Indeks

Rehab dan Renovasi MI–MTs di Bogor Disoroti, Publik Pertanyakan Keterbukaan Anggaran Rp29,4 Miliar

Publik Pertanyakan Keterbukaan Anggaran Rp29,4 Miliar

Rehab dan Renovasi MI–MTs di Bogor Disoroti, Publik Pertanyakan Keterbukaan Anggaran Rp29,4 Miliar
Rehab dan Renovasi MI–MTs di Bogor Disoroti, Publik Pertanyakan Keterbukaan Anggaran Rp29,4 Miliar

Koranpalu.com

Bogor Program rehabilitasi dan renovasi sejumlah Madrasah Ibtidaiyah (MI) dan Madrasah Tsanawiyah (MTs) yang berlokasi di Kabupaten dan Kota Bogor menjadi perhatian masyarakat.

Proyek pendidikan tersebut menelan anggaran negara senilai Rp29,44 miliar, namun dinilai belum sepenuhnya disertai keterbukaan informasi anggaran di setiap lokasi pekerjaan.

Berdasarkan dokumen pelaksanaan, kegiatan rehabilitasi dan renovasi ini dikerjakan oleh PT Menara Setia sebagai penyedia jasa.

Dengan kontrak kerja Nomor HK.02.01/GS16.2/182/2025. Proyek dijadwalkan berlangsung selama 180 hari kalender, terhitung sejak 24 November 2025 hingga 22 Mei 2026.

Sorotan muncul lantaran informasi yang tersedia hanya menampilkan nilai kontrak secara keseluruhan tanpa penjelasan detail mengenai alokasi anggaran di masing-masing sekolah penerima manfaat.

Kondisi tersebut dinilai menyulitkan masyarakat untuk mengetahui besaran dana yang digunakan di setiap titik proyek.

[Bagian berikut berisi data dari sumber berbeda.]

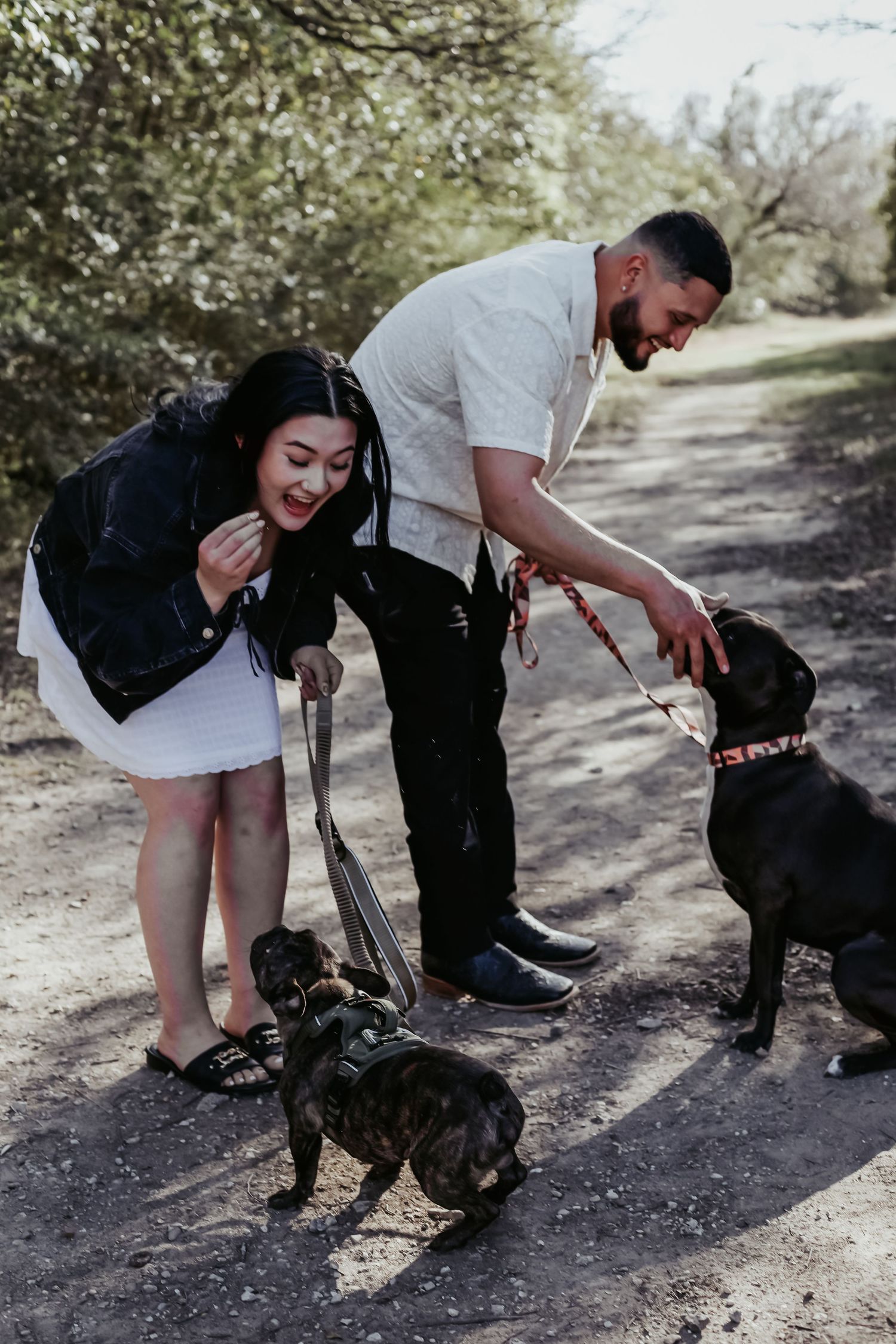 Couple laughing and petting two dogs on a sunny dirt path surrounded by green trees.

Sejumlah pihak menilai minimnya informasi tersebut bertentangan dengan Undang-Undang Nomor 14 Tahun 2008 tentang Keterbukaan Informasi Publik.

Yang mewajibkan badan publik membuka akses informasi penggunaan anggaran negara secara transparan dan dapat dipertanggungjawabkan.

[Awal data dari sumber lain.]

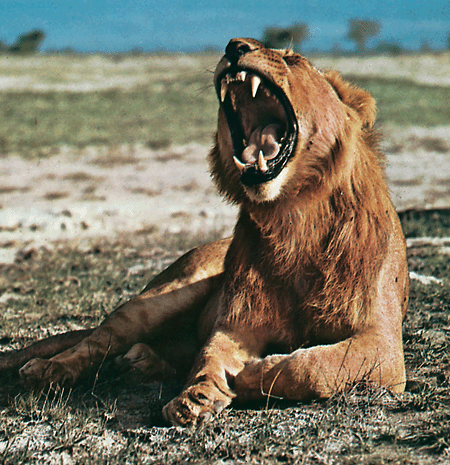 lion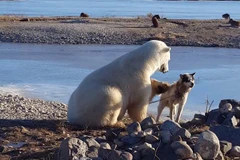 Chú gấu vuốt ve con chó trước khi ăn thịt. (Nguồn: YouTube)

Selain itu, keterbukaan informasi juga merupakan bagian dari amanat UUD 1945, yang menjamin hak warga negara untuk memperoleh informasi sebagai bentuk pengawasan terhadap penyelenggaraan pemerintahan.

Ketua Gerakan Mahasiswa dan Pemuda Bogor (GMPB), M. Ikbal, menegaskan bahwa pengelolaan dana publik harus disertai transparansi yang jelas.

“Anggaran sebesar Rp29,4 miliar ini bukan dana kecil. Rincian penggunaan anggaran di setiap sekolah perlu disampaikan secara terbuka agar publik dapat ikut mengawasi. Ini penting untuk mencegah potensi penyimpangan,” kata Ikbal.

Menurut GMPB, tanpa keterbukaan informasi yang memadai, pengawasan masyarakat terhadap pelaksanaan proyek di lapangan menjadi terbatas.

Oleh sebab itu, GMPB meminta instansi terkait serta aparat pengawas internal pemerintah melakukan monitoring dan evaluasi secara menyeluruh.

Sampai berita ini diturunkan, belum ada pernyataan resmi dari pihak pelaksana proyek maupun instansi berwenang terkait belum dipublikasikannya rincian anggaran per sekolah.

GMPB menyatakan akan terus mengikuti perkembangan proyek tersebut guna memastikan pelaksanaan berjalan sesuai ketentuan hukum dan prinsip akuntabilitas publik.